Ernest Ebell has crafted a winning score by combining experience with education, two things that go together like music and theater.
He’d know a thing or two about those, too. Before entering MSU Denver, the composition major and musical theatre minor worked as a music copyist under the glittering lights of Broadway in New York City.
Ebell had a first look at Stephen Sondheim’s draft lyrics, fresh from a fax machine, and saw his own music performed onstage at Lincoln Center. And while visiting Ruth Ellington, the sister of legendary American composer, pianist, and bandleader Duke Ellington, he held transcriptions of her brother’s music in his hands.

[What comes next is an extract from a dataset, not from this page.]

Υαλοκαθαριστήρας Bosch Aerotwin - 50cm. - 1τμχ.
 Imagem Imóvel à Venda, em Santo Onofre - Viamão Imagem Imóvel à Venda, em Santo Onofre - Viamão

But Broadway, as many industries do, began to change – and with it, the copyist’s role.
“Orchestras are smaller [now], so there are fewer parts to write,” Ebell said. “Music is often composed electronically and software extracts the parts for each instrument.”
So, for his next act, Ebell chose to run his own road – right into a transformative education at MSU Denver.
Today, Ebell has a much broader range of musical interests than he had four years ago, crediting his study with a few of the University’s top music professors—Fred Hess, Leanna Kirchoff and Cherise Leiter for composition and Grammy winner R. J. Miller for orchestration.
The summa cum laude graduate is also the recipient of an ensemble of awards, including the Max DiJulio Prize for Composition, the Christopher Priolo Endowed Scholarship for Music Composition and the L. Quinn-Rudolph Award for Music and Scholarship.
It’s this comprehensive instruction, including general education classes such as the physics of sound, that Ebell credits for setting a successful arrangement on an already accomplished stage.
“When I decided to go to school I realized there was a lot I didn’t know,” he said. “I knew what a fugue was, but I didn’t know how to write one. I had heard funny things done with woodwinds, but I didn’t know what to call them. But at MSU Denver, I also learned that there were things that I didn’t know I didn’t know.
“School broadened my ears into sonorities I would never have written—nor would I have cared to.”
Case in point was the piece—Eu Son Alianor (I Am Eleanor)—that Ebell prepared for his final-semester composition department reading. Having gained a great appreciation for music history and an acquired ear for richer and more complex harmonic languages, Ebell set an 800-year-old text to original music.
And it came to a crescendo earlier this month, when was performed by the Playground Ensemble on campus at the King Center.
Though it doesn’t span centuries, Ebell’s personal music history also goes far back. At age 7, he was writing songs. At 11, he briefly took up the violin and at 17 he had his first professional acting gig. In his twenties, he moved to New York, where, among other jobs, he worked at King Brand Music.
There, he said, he sold “everything a music copyist would need—giant sheets of manuscript paper with staves on them, ink and pens.”
He learned the copyist trade, working in a room with about a dozen other professionals and lots of cigarettes and coffee, for several weeks at a time. Today, Ebell said, it takes far fewer copyists to do the job.
“It’s a double-edged sword,” he said. “Compositions look cleaner and there are fewer mistakes, but the computer pushes the composer to write in ways that are easiest for the computer. It wants you to follow certain rules.”
But, as Ebell learned from professor Fred Hess, art is about knowing the rules – and, equally as important, when to break them.
After graduating, he plans to stay in Denver and pursue a career in composition. He is especially drawn to chamber opera, which involves fewer performers and a small orchestra. He hopes to continue volunteering with the Creating Original Operas program at Charles Semper Elementary School, where his wife, who plays the French horn with the Arapahoe Philharmonic, is a music teacher.
Whatever Ebell does, he says he will “write without restraint.” He may not scribe everything by hand, but he will begin at the piano with a pencil and blank manuscript.
“My writing will draw upon both my more conventional musical theatre background and the new tastes and tools I have gained here at MSU Denver,” Ebell said.